Jeremy QUASTEL (video)

Discussion by Tal ORENSHTEIN

Title: The KPZ fixed point Part I

Abstract: The 1-d KPZ universality class contains random interface growth models as well as random polymer free energies and driven diffusive systems. Various exact asymptotic distributions have been computed over the last two decades, some of them coming from random matrix theory. These are special cases of the strong coupling fixed point, which turns out to be a completely integrable Markov process: its transition probabilities are described by classical integrable PDE’s.

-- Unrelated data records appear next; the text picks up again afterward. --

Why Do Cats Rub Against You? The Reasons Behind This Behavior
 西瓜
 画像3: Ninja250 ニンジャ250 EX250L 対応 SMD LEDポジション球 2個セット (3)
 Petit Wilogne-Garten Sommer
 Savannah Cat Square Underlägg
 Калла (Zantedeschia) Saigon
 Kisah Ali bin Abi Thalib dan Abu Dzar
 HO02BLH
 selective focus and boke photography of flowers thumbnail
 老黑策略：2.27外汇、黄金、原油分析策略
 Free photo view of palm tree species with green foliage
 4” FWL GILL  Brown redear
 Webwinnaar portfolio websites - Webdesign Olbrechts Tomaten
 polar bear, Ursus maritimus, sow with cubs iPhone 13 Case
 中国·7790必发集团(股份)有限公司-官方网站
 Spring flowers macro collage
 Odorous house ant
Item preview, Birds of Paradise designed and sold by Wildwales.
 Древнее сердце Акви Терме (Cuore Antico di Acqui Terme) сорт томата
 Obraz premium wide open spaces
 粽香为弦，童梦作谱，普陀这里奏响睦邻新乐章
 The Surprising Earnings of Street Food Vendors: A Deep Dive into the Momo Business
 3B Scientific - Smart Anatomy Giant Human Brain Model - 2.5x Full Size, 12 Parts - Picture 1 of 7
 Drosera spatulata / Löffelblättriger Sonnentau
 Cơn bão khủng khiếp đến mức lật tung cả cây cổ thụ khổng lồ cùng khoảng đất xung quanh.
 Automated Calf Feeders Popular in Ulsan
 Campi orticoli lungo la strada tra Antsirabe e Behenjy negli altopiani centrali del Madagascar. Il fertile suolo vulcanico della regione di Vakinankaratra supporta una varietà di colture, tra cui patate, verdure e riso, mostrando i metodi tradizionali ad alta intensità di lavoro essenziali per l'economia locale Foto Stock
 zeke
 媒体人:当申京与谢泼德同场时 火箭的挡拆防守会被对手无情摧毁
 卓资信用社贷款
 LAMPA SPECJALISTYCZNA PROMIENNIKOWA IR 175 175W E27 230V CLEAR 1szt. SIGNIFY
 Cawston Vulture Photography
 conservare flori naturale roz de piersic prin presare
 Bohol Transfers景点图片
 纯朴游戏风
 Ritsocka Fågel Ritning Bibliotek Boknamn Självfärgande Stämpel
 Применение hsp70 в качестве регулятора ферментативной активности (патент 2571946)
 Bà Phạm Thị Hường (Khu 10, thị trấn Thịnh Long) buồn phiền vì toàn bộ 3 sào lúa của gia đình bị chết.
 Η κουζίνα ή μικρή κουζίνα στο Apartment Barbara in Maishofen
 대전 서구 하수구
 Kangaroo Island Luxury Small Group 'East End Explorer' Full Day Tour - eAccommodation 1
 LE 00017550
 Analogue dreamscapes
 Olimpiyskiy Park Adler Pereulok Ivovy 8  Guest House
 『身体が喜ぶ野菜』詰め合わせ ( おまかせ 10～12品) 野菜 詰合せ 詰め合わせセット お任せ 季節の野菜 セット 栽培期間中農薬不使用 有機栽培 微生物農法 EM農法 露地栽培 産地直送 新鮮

Daniel REMENIK (video, slides)

Discussion by Alisa KNIZEL

Title: The KPZ fixed point Part II

Abstract: The KPZ fixed point, the universal limit of all models in the KPZ universality class, is obtained as the scaling limit of the totally asymmetric simple exclusion process (TASEP). The main ingredient in the construction is an explicit formula for the distribution of TASEP in terms of the Fredholm determinant of a kernel which involves certain random walk hitting times. The formula has a natural scaling limit which defines the KPZ fixed point and can be used to show that its transition probabilities are integrable.

Rémi RHODES (video)

Discussion by Frederik VIKLUND

Title: Gluing random surfaces: conformal bootstrap in Liouville theory via Segal’s axioms

Abstract: The law of Markov processes indexed by time (the real line) take a simple form when expressed in terms of the action of the associated semigroup. The generalization of this question to the case when the process is indexed by higher dimensional manifolds is more intricate and this question is particularly relevant in the study of quantum field theories. A general proposal was formalized by G. Segal in the eighties in this direction. Yet, concrete examples of QFTs where the Segal axioms are indeed valid are extremely limited (beyond trivial cases). We treat here the case of a specific Conformal Field Theory (CFT), called the Liouville theory which is a probabilistic model of 2D random surfaces. The outcome is the validity of the conformal bootstrap, i.e. a bridge between probability and representation theory: correlation functions are expressed in terms of (universal) holomorphic functions of the moduli parameters of the Riemann surface, called conformal blocks which have a strong representation theoretical content, and the structure constants of the CFT, here the DOZZ formula. Conformal bootstrap was conjectured in physics in the eighties to be the universal structure of CFTs and Liouville theory is perhaps the first non trivial example where it can be shown to hold mathematically. This talk will be introductory to these topics.

Gigliola STAFFILANI (video)

Discussion by Chenjie FAN

Title: On almost sure well-posedness for certain dispersive PDE

Abstract: In this talk we summarize some of the many almost sure well-posedness results proved in recent years for dispersive equations. This study goes back to the work of Bourgain on invariant Gibbs measures and continued with the applications and evolution of his original ideas to address the question of local and global well-posedness for equations that are in a sense “supercritical”. If time permits we will also present some results for stochastic NLS equations, a direction of research started by de Bouard and Debussche.

Armen SHIRIKYAN (video)

Discussion by Leonardo TOLOMEO

Title: Mixing for PDEs with degenerate noise: an overview and open problems

Abstract: We discuss some results about uniqueness and stability of a stationary measure for randomly forced PDEs arising in fluid dynamics. Two different scenarios expressed in terms of controllability properties of the associated deterministic problem will be presented. We show, in particular, how they influence the choice of admissible random forces. We also formulate some open problems in the field.

Lorenzo ZAMBOTTI (video, slides)

Discussion by Carlo BELLINGERI

Title: Weighted norms and a priori estimates for rough paths

Abstract: We introduce weighted norms on controlled paths and prove some a priori estimates for solutions to rough differential equations. This method seems particularly effective to handle equations with Lipschitz but unbounded non-linearities. Joint work with F. Caravenna and M. Gubinelli.